▶ What you need to do: Nothing in the data may be altered; restate all of it exactly.

▶ Information supplied:
== Segment start ==

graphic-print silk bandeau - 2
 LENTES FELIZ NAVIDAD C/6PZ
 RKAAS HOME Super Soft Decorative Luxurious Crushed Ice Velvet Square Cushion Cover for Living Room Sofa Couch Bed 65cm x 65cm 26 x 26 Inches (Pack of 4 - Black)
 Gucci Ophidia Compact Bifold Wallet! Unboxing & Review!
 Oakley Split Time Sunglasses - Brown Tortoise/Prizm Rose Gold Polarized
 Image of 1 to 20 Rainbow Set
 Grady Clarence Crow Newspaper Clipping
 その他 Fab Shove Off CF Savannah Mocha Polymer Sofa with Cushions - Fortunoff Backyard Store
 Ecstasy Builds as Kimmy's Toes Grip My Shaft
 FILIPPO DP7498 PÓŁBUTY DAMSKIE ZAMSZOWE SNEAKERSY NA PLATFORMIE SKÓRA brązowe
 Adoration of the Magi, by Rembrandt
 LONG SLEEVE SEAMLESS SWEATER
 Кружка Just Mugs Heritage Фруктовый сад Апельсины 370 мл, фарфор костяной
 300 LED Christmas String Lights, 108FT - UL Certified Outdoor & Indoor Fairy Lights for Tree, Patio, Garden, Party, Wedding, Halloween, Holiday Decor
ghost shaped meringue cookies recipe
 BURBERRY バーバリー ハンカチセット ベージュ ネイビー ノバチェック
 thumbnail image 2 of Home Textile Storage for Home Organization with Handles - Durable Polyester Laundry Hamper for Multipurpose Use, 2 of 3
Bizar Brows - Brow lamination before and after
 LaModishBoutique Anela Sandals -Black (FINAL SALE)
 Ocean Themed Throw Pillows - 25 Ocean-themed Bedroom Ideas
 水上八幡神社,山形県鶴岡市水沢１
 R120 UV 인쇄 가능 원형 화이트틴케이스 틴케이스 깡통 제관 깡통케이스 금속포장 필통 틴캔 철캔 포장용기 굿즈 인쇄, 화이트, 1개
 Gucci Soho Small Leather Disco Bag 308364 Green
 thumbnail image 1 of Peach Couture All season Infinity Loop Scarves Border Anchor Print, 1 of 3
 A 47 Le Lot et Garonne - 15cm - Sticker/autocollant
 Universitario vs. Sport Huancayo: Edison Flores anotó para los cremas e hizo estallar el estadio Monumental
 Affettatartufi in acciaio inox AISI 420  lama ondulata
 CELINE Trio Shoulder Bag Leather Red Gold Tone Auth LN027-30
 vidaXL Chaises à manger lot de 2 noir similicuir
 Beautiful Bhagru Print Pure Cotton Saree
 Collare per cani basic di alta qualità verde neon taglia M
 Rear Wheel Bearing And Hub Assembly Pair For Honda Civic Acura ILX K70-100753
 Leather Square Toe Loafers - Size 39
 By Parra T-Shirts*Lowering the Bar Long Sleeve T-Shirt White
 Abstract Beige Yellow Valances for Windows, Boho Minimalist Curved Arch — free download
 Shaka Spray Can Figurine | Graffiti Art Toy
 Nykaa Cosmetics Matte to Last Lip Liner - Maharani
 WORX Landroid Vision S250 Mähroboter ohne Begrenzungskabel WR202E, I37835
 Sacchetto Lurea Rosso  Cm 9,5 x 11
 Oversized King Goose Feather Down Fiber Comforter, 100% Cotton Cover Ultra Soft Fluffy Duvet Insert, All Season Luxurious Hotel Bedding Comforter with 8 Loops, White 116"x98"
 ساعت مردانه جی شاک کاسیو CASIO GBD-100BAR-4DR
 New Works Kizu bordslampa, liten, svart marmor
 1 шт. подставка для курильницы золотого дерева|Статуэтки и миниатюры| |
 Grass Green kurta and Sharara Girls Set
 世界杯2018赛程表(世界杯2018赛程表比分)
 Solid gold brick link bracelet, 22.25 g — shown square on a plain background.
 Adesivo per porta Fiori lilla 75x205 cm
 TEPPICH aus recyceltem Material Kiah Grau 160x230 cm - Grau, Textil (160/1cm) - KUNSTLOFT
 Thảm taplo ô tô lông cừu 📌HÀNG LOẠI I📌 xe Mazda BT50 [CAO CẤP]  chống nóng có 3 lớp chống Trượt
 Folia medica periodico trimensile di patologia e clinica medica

== Segment end ==

▶ Reply to the task:
graphic-print silk bandeau - 2
 LENTES FELIZ NAVIDAD C/6PZ
 RKAAS HOME Super Soft Decorative Luxurious Crushed Ice Velvet Square Cushion Cover for Living Room Sofa Couch Bed 65cm x 65cm 26 x 26 Inches (Pack of 4 - Black)
 Gucci Ophidia Compact Bifold Wallet! Unboxing & Review!
 Oakley Split Time Sunglasses - Brown Tortoise/Prizm Rose Gold Polarized
 Image of 1 to 20 Rainbow Set
 Grady Clarence Crow Newspaper Clipping
 その他 Fab Shove Off CF Savannah Mocha Polymer Sofa with Cushions - Fortunoff Backyard Store
 Ecstasy Builds as Kimmy's Toes Grip My Shaft
 FILIPPO DP7498 PÓŁBUTY DAMSKIE ZAMSZOWE SNEAKERSY NA PLATFORMIE SKÓRA brązowe
 Adoration of the Magi, by Rembrandt
 LONG SLEEVE SEAMLESS SWEATER
 Кружка Just Mugs Heritage Фруктовый сад Апельсины 370 мл, фарфор костяной
 300 LED Christmas String Lights, 108FT - UL Certified Outdoor & Indoor Fairy Lights for Tree, Patio, Garden, Party, Wedding, Halloween, Holiday Decor
ghost shaped meringue cookies recipe
 BURBERRY バーバリー ハンカチセット ベージュ ネイビー ノバチェック
 thumbnail image 2 of Home Textile Storage for Home Organization with Handles - Durable Polyester Laundry Hamper for Multipurpose Use, 2 of 3
Bizar Brows - Brow lamination before and after
 LaModishBoutique Anela Sandals -Black (FINAL SALE)
 Ocean Themed Throw Pillows - 25 Ocean-themed Bedroom Ideas
 水上八幡神社,山形県鶴岡市水沢１
 R120 UV 인쇄 가능 원형 화이트틴케이스 틴케이스 깡통 제관 깡통케이스 금속포장 필통 틴캔 철캔 포장용기 굿즈 인쇄, 화이트, 1개
 Gucci Soho Small Leather Disco Bag 308364 Green
 thumbnail image 1 of Peach Couture All season Infinity Loop Scarves Border Anchor Print, 1 of 3
 A 47 Le Lot et Garonne - 15cm - Sticker/autocollant
 Universitario vs. Sport Huancayo: Edison Flores anotó para los cremas e hizo estallar el estadio Monumental
 Affettatartufi in acciaio inox AISI 420  lama ondulata
 CELINE Trio Shoulder Bag Leather Red Gold Tone Auth LN027-30
 vidaXL Chaises à manger lot de 2 noir similicuir
 Beautiful Bhagru Print Pure Cotton Saree
 Collare per cani basic di alta qualità verde neon taglia M
 Rear Wheel Bearing And Hub Assembly Pair For Honda Civic Acura ILX K70-100753
 Leather Square Toe Loafers - Size 39
 By Parra T-Shirts*Lowering the Bar Long Sleeve T-Shirt White
 Abstract Beige Yellow Valances for Windows, Boho Minimalist Curved Arch — free download
 Shaka Spray Can Figurine | Graffiti Art Toy
 Nykaa Cosmetics Matte to Last Lip Liner - Maharani
 WORX Landroid Vision S250 Mähroboter ohne Begrenzungskabel WR202E, I37835
 Sacchetto Lurea Rosso  Cm 9,5 x 11
 Oversized King Goose Feather Down Fiber Comforter, 100% Cotton Cover Ultra Soft Fluffy Duvet Insert, All Season Luxurious Hotel Bedding Comforter with 8 Loops, White 116"x98"
 ساعت مردانه جی شاک کاسیو CASIO GBD-100BAR-4DR
 New Works Kizu bordslampa, liten, svart marmor
 1 шт. подставка для курильницы золотого дерева|Статуэтки и миниатюры| |
 Grass Green kurta and Sharara Girls Set
 世界杯2018赛程表(世界杯2018赛程表比分)
 Solid gold brick link bracelet, 22.25 g — shown square on a plain background.
 Adesivo per porta Fiori lilla 75x205 cm
 TEPPICH aus recyceltem Material Kiah Grau 160x230 cm - Grau, Textil (160/1cm) - KUNSTLOFT
 Thảm taplo ô tô lông cừu 📌HÀNG LOẠI I📌 xe Mazda BT50 [CAO CẤP]  chống nóng có 3 lớp chống Trượt
 Folia medica periodico trimensile di patologia e clinica medica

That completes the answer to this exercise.